[Image-text web data]

Segment Open

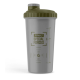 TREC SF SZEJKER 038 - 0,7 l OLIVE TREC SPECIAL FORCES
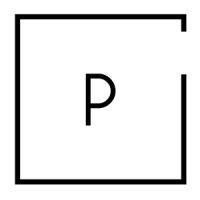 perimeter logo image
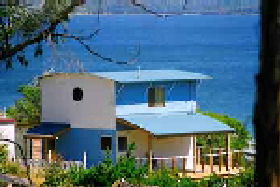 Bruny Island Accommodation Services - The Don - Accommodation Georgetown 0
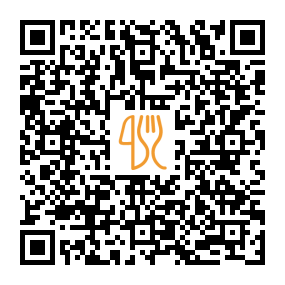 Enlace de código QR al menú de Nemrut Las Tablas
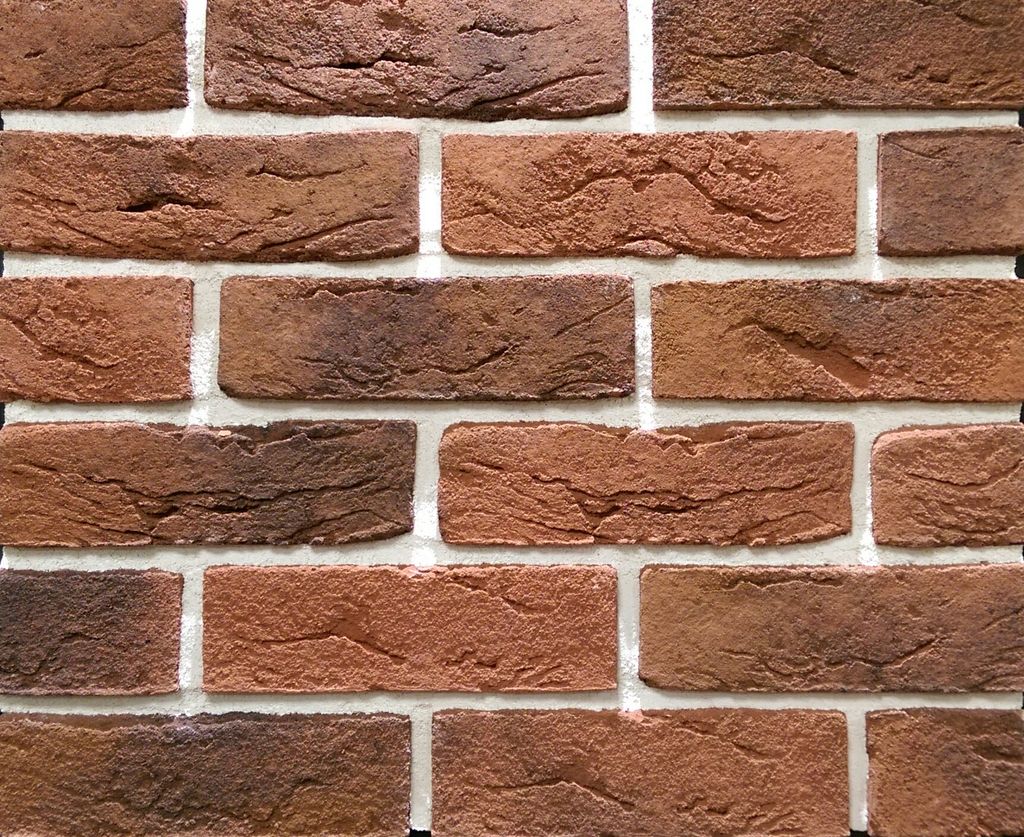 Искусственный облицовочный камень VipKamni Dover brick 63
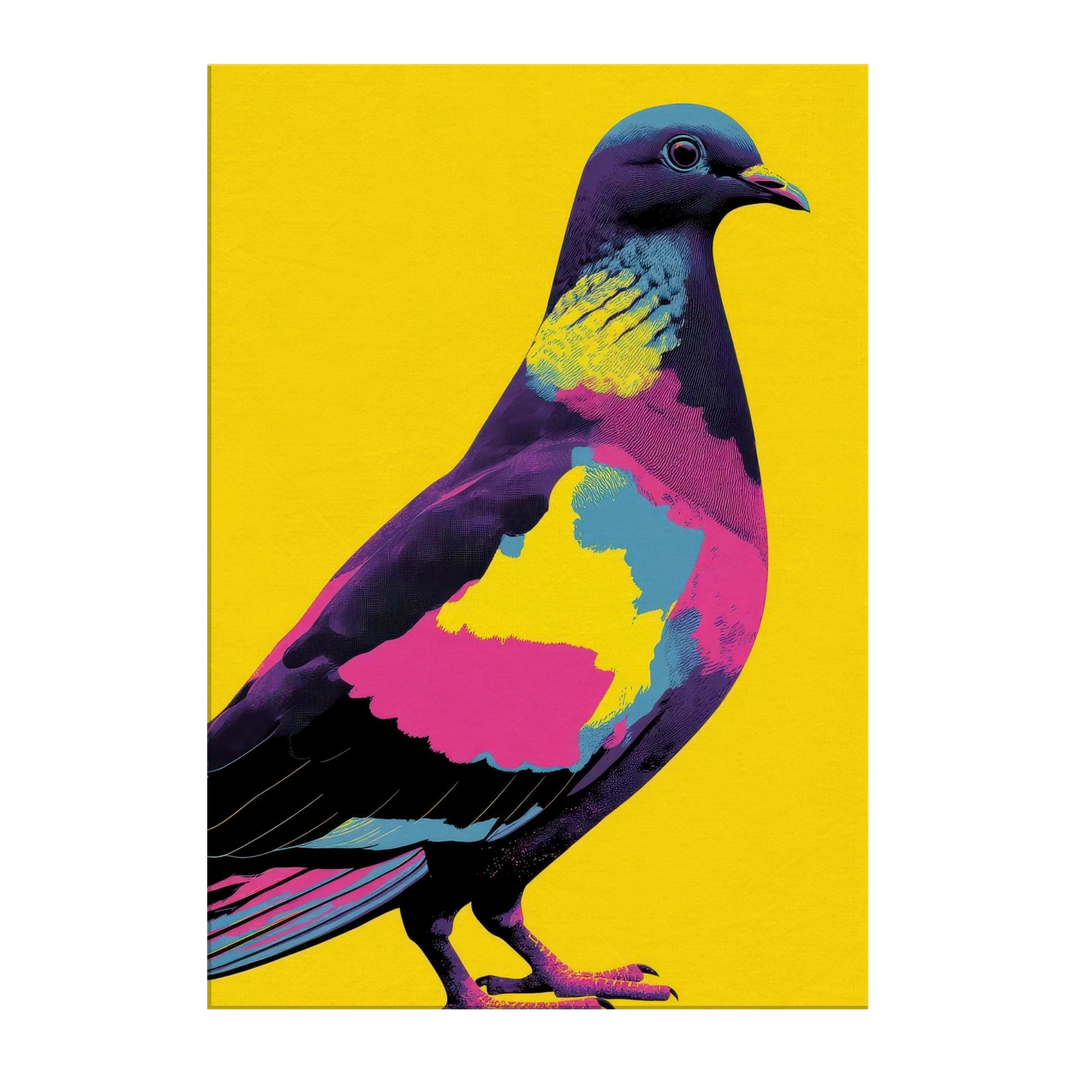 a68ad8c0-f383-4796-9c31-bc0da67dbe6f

Segment Closed

Task to carry out ->
Here the job is to retype exactly the lines that start at the one containing "Искусственный облицовочный камень" and run through the end of the records above, leaving out pictures.

Exercise response ->
 Искусственный облицовочный камень VipKamni Dover brick 63
 a68ad8c0-f383-4796-9c31-bc0da67dbe6f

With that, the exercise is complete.